Both were fiery and passionate, the vocal quarterbacks of their respective defenses. Neither was ever at a shortage of words, on or off the field.
Buffalo Bills middle linebacker Kiko Alonso is different.
One of the most quiet and reserved players in his team's locker room, the 46th overall pick in April's draft has let his play speak for itself. Staying on the field for every snap this season, Alonso is the NFL's second-leading tackler and is among the favorites to win the defensive rookie of the year award.
It has been a quick ascent, one that would have seemed unlikely just a few years ago.
[+] EnlargeKiko Alonso
AP Photo/Bill Wippert
Kiko Alonso arrived at the Bills' bye week with 112 tackles and four interceptions through 11 games.
In February 2010, Alonso was arrested for DUI and suspended for his entire sophomore season at the University of Oregon. That incident preceded a knee injury that would have wiped out his 2010 season, even without his arrest.
Just over a year later, Alonso was arrested again, charged with criminal mischief and trespassing. According to reports, Alonso pounded on the front door of a stranger's home late one Saturday night, demanding to be let in. The owner called 911 and fled. When police arrved, Alonso was inside the house.
He pleaded guilty to the charges and was sentenced to probation, community service and alcohol treatment.
Alonso was suspended again, this time indefinitely, putting his future with the team in peril until Oregon coach Chip Kelly decided to reinstate the linebacker for the 2011 home opener.

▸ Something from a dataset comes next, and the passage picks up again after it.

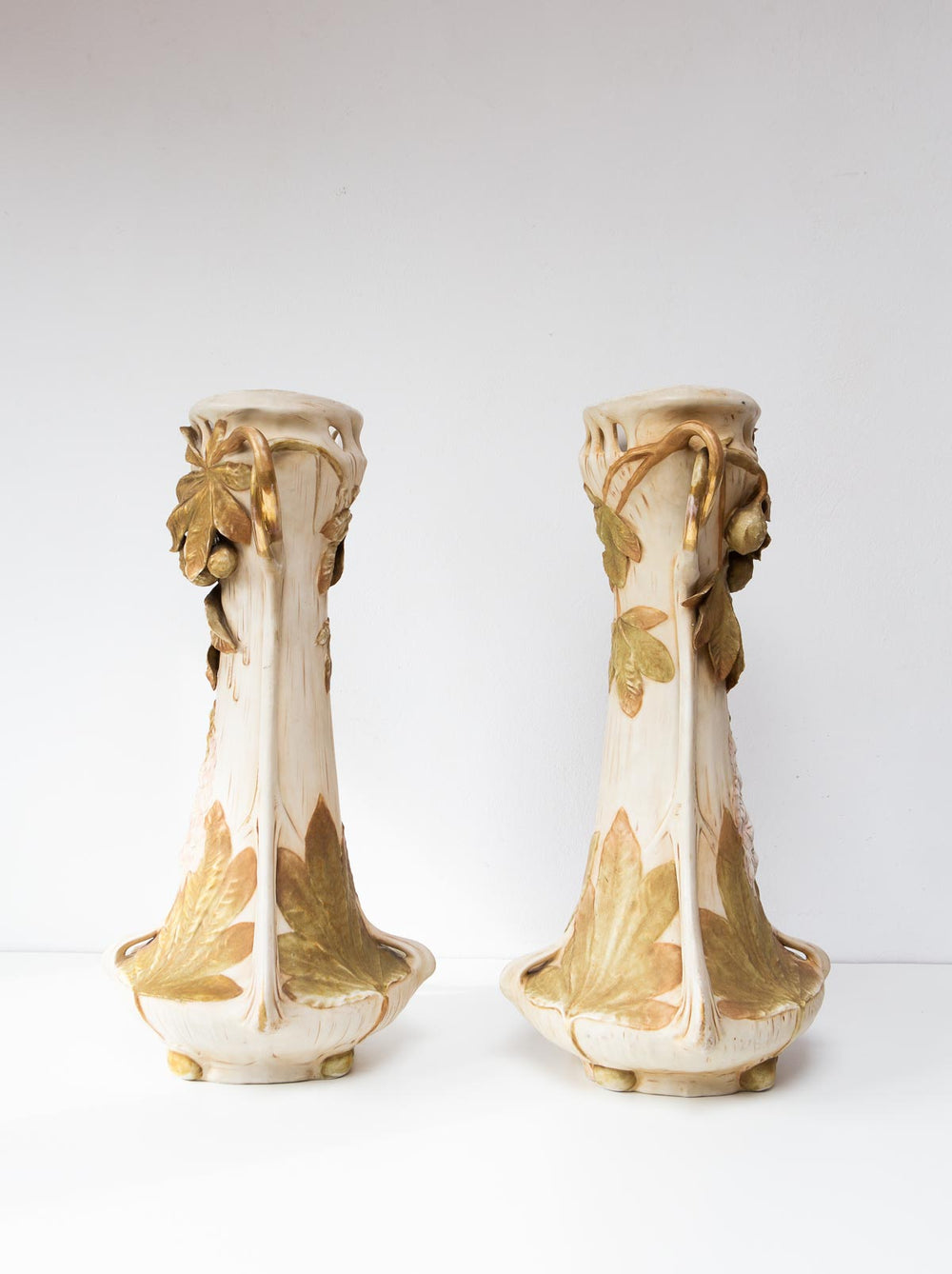 Pareja jarrones art nouveau Royal Dux Bohemia aprox. 1900 pair of antique vases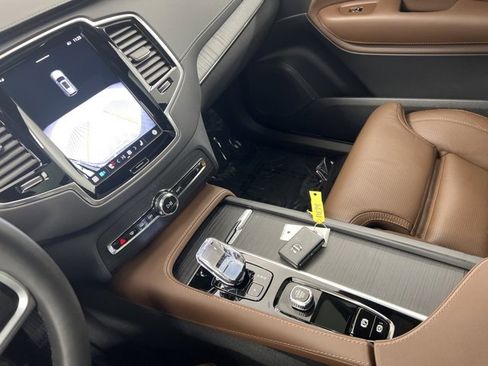 New 2025 Volvo XC90 T8 Ultra w/ Protection Package Premier image 20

Given a second chance, Alonso made the most of it. He tallied 46 tackles as a junior and was named defensive MVP of the Rose Bowl. That led to a senior season in which he notched 81 tackles -- including 14 for loss -- four interceptions and two forced fumbles.
"I take extra pride in that I got the opportunity to coach Kiko," Kelly, now the Philadelphia Eagles' head coach, said this week. "Extremely dedicated, driven person, both academically and athletically."
Alonso played his final college game in Glendale, Ariz., on Jan. 3, a Fiesta Bowl win for Oregon. Four days later, at a news conference more than 2,000 miles away, the Bills introduced Doug Marrone as their next head coach.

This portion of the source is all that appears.